Congressman Charles B. Rangel was proudly recognized by the Leadership Conference on Civil and Human Rights (The Leadership Conference) for his 100 percent civil rights voting record in the 112th Congress. The Leadership Conference is the nation's premier civil and human rights coalition, committed to the protection and advancement of civil and human rights for every person in the United States.
"I am proud to be recognized by such a highly respected and long serving coalition of civil rights organizations," said Rangel. "As a young man I looked up to the leaders of these groups and was influenced greatly by their work to make this nation a more perfect union."
Twenty of Rangel's votes were highlighted, including those against the repeal of the Affordable Care Act (H.R. 6079), in support of the Department of Justice's lawsuits against discriminatory state immigration laws, against efforts to prevent the DOJ from challenging restrictive state voting laws, and against eliminating prevailing wage requirements (votes on amendments to H.R. 1, H.R. 2055, H.R. 658, H.R. 2354, H.R. 2017, H.R. 5854, H.R. 5325, H.R. 5856). He was also lauded for his support of a more comprehensive Violence Against Women Reauthorization Act (H.R. 4271), against the efforts to defund planned parenthood (H.AMDT.95 to H.R. 1), and against the attempt to eliminate the Legal Services Corporation's basic field funding (the Duncan Amendment to H.R. 1), which would have affected the lives of millions of low-income individuals.
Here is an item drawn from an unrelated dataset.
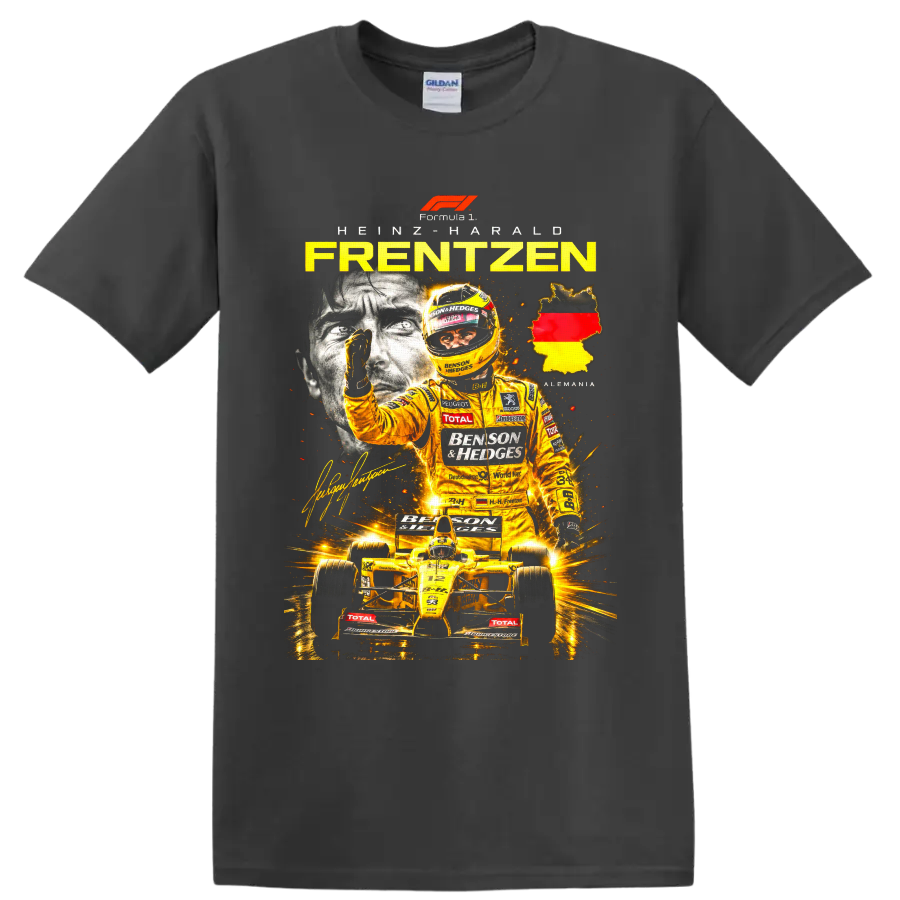 Heinz-Harald Frentzen Jordan Formula 1 yellow racing collage with Germany map on a Charcoal T Shirt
"Day in and day out, I've worked to push back against the assault on the needs of our communities and the rights that we hold dear," said Rangel. "Marching from Selma to Montgomery in 1965 taught me the importance of utilizing the rights that you have and standing up for the rights that you should have."
For over a half century, The Leadership Conference has led the fight for equal opportunity and social justice. Founded in 1950 by heads of powerful organizations, including A. Philip Randolph of Brotherhood of Sleeping Car Porters, Roy Wilkins of the NAACP, and Arnold Aronson of the National Jewish Community Relations Advisory Council, The Leadership Conference was built upon the firm conviction that the struggle for civil rights would be won, not by one group alone, but through coalition.
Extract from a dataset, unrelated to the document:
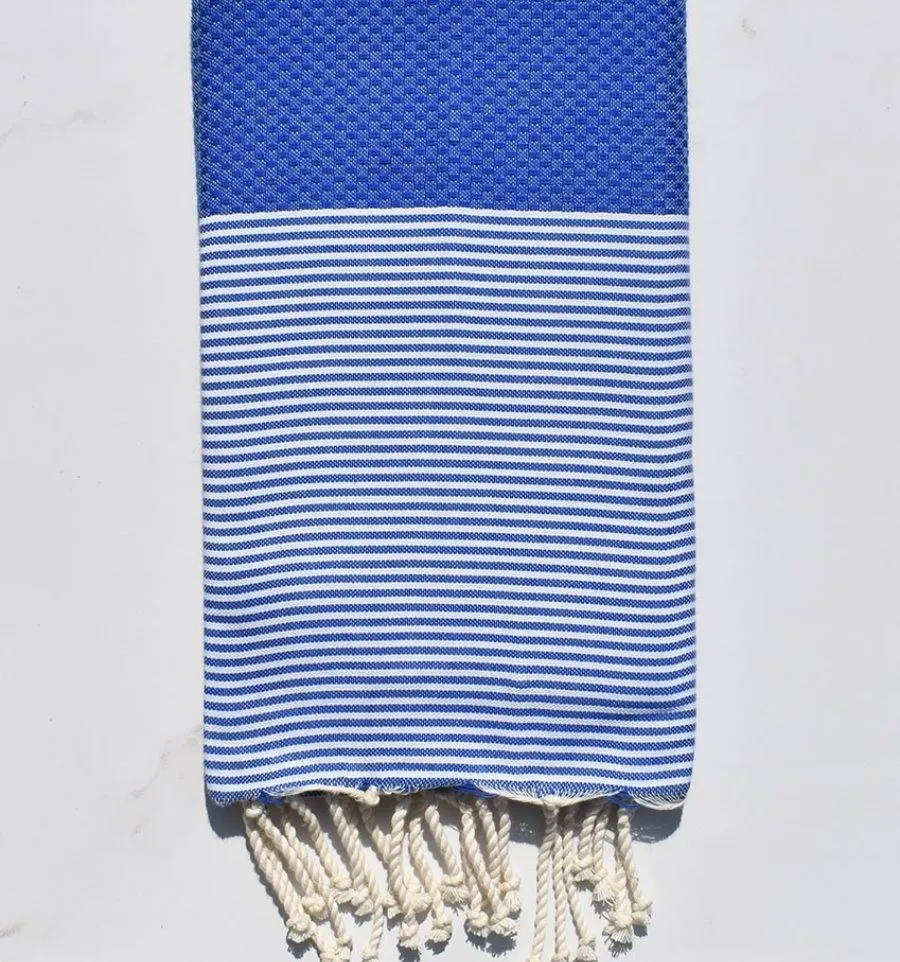 Fouta nid d'abeille bleu 100x200 cm - 100 % Coton - FOUTA TUNISIA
The Leadership Conference on Civil and Human Rights is a coalition charged by its diverse membership of more than 200 national organizations to promote and protect the civil and human rights of all persons in the United States. Through advocacy and outreach to targeted constituencies, The Leadership Conference works toward the goal of a more open and just society -- an America as good as its ideals.
"The progress we have made in this country is undeniable, but we must be ever vigilant and remain committed to improving our civil and human rights record in every area where this kind of injustice arises," said Rangel. "I salute The Leadership Conference for the all the ways in which they have helped to transform and improve our great nation over the past 70 years."